Dear all reviewers, We sincerely thank all the reviewers for your constructive comments and insightful suggestions, which help us make our work more complete and further improve the quality of the manuscript. We are also glad that the reviewers acknowledge that our work 1) proposes an IOD task that is interesting and practical, 2) the idea is novel and easy to understand, and 3) the experiments are thorough and insightful. According to the advice, we have made the following changes in the current version of our paper (highlighted in red):
-
(1) In response to Reviewer rzsX:
- In Section 4.2 of the main paper, we add elaboration for the generation of object bounding boxes;
- In Table 9 of the Appendix, we add an experiment by skipping the pretraining stage, demonstrating the importance of the first stage pretraining.
- In Table 7 of the Appendix, we further compare the inference speed with the baseline model having similar size as Ins-DetCLIP.

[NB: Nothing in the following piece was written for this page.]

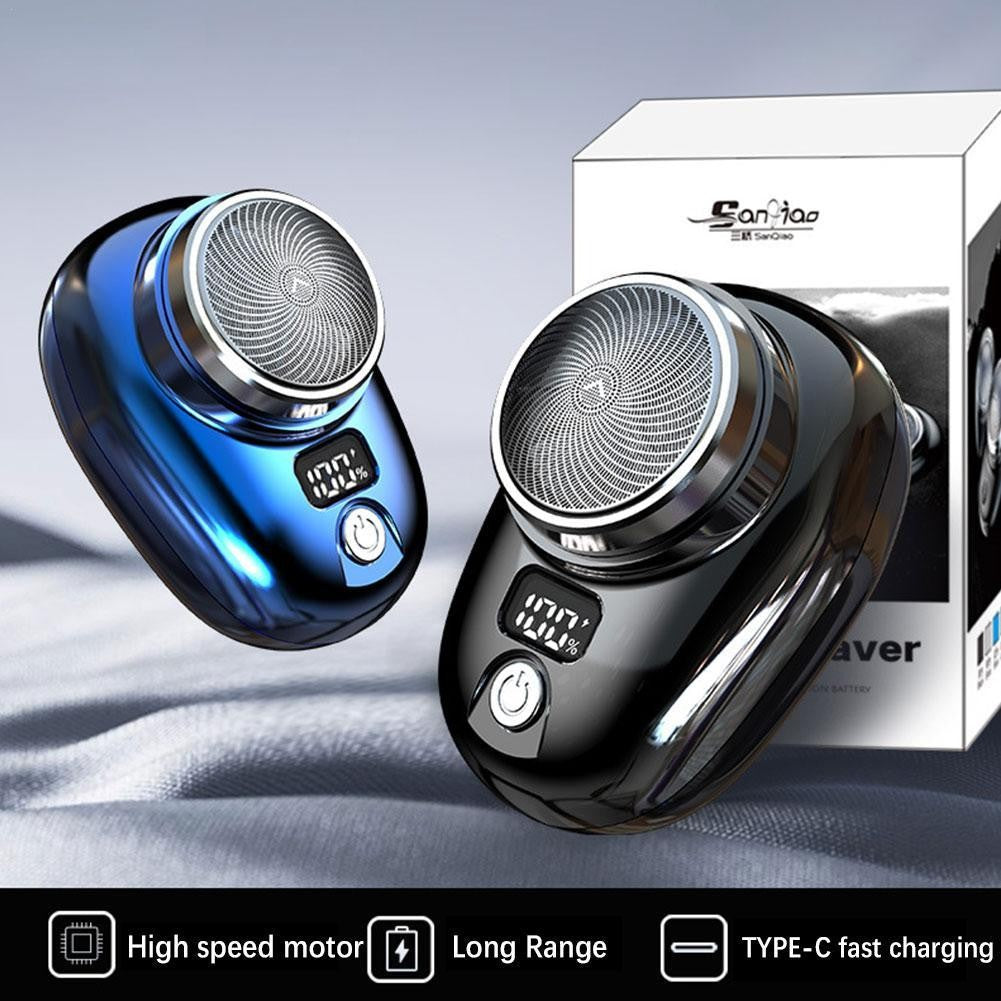 Mini barbeador elétrico para homens, display digital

- In Section B of the Appendix, we elaborate on the training cost of our model.
- We fix the citation format.
-
(2) In response to Reviewer tem2:
- In the Table 8 of the Appendix, we further compare with the two-stage baselines w/o instruction tuning.
- In Table 2 of the main paper, we compare with more recent dense captioning tasks.
- We fix the citation format.
-
(3) In response to Reviewer Y4Gg:
- In Section C of the Appendix, we add clarifications for the design of our IOD tasks.
- In Table 11 at the Appendix, we compare Ins-DetCLIP with open-vocabulary detectors on our IOD task.
-
(4) In response to Reviewer t19r:
- In Section C of the Appendix, we elaborate the definition of task 4.
- In the related work section, we add citations to InstructBLIP.
- In Table 10 in the Appendix, we make comparisons with Shikra and Kosmos-2.
- We discussed why using off-the-shelf detectors and LLM cannot achieve good results.
Thank you again for the effort in reviewing our paper. As the end of the discussion period is approaching, we sincerely and humbly ask for your response. We would appreciate it if you could let us know whether our responses have addressed your concerns satisfactorily and whether you have any follow-up questions.
Best regards,
Paper 4489 Authors
Dear Reviewers,
Thank you for your valuable feedback and insightful suggestions, which have significantly contributed to improving our manuscript. As the discussion period nears its end, we welcome any further comments or questions you may have. Your continued engagement is highly appreciated.
Best regards,
Paper 4489 Authors
This paper receives mixed reviews initially. Some reviewers are positive while others are negative. The raised issues include unclear technical details, insufficient experimental validations, the unclear relationship upon existing models. During the rebuttal phase, the authors provide sufficient justifications and experiments to address these issues. Overall, the AC monitors the whole progress and feels the major issues are solved. The authors shall revise the paper according to these comments.
为何不给更高分
The designed pipeline is built up based on existing frozen models.
为何不给更低分
The performance is promising and the rationale is new.
Accept (poster)
Hi authors,
Congrats on your paper acceptance and the great work. Do you plan to release the training/testing code?